Solution 2: Sharding hot posts further

For posts with > 10K reactions in 1 hour (detected dynamically):
  → Sub-shard the counter: rc:{content_id}:0 through rc:{content_id}:15
  → Each sub-counter handles 1/16th of the writes
  → Read: SUM all 16 sub-counters (still fast — 16 Redis HGET calls < 2ms)
  → This is the "counter sharding" or "distributed counter" pattern

Idempotent toggle handling:

// Ensure exactly-once semantics for rapid tapping
// User taps like 5 times quickly → should result in "liked" (odd taps = liked)

Per-user lock: Redis SET ur:lock:{content_id}:{user_id} NX EX 2
  → If lock acquired: process normally
  → If lock exists: enqueue, process after lock released
  → This serializes operations per (user, content) pair
  → No global contention — lock is per user per post

Deep Dive 2: Approximate vs Exact Counts

The trade-off:

Exact counts require strong consistency between the reactions table and the counts table.
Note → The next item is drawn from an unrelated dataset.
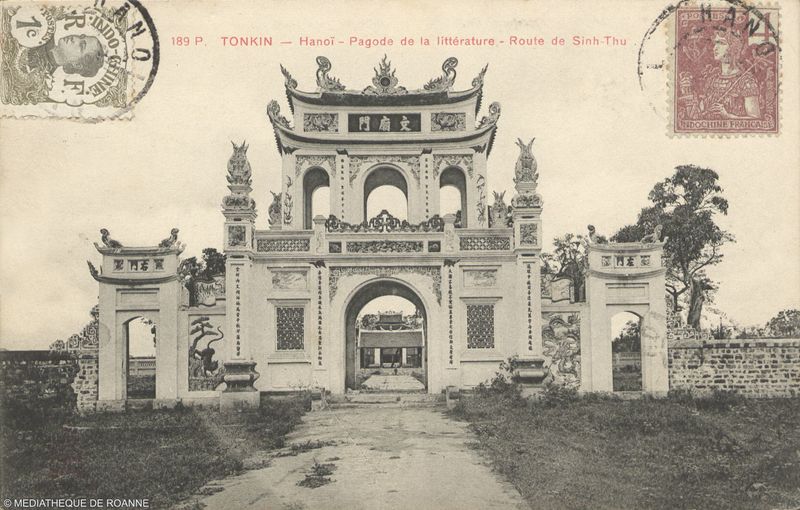 TONKIN - Hanoï - Pagode de la littérature  Route de Sinh-Thu.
At 500K writes/sec, keeping them in sync adds latency and complexity.

Approach: Exact source-of-truth, approximate cache, periodic reconciliation

Layer 1 — Redis cache (approximate, fast):
  → Updated async via Kafka (eventual consistency)
  → May be off by a few reactions during peak load
  → Serves 99.9% of read traffic
  → Acceptable because users can't tell if a post has 1,542 vs 1,545 likes

Layer 2 — reaction_counts table (eventually consistent):
  → Updated by counter service with micro-batching
  → Consistent within seconds of a reaction
  → Serves cache misses

Layer 3 — reactions table (exact, source of truth):
  → COUNT(*) GROUP BY reaction_type on demand
  → Used only by reconciliation job, never for live reads

Reconciliation job (runs every hour):
  FOR each content_id with reactions in the last hour:
    exact = SELECT reaction_type, COUNT(*) FROM reactions
            WHERE content_id = ? GROUP BY reaction_type;
    cached = SELECT * FROM reaction_counts WHERE content_id = ?;
    IF drift > 5%:
      UPDATE reaction_counts to exact values
      UPDATE Redis cache
      Log the drift for monitoring

Why not just use exact counts everywhere?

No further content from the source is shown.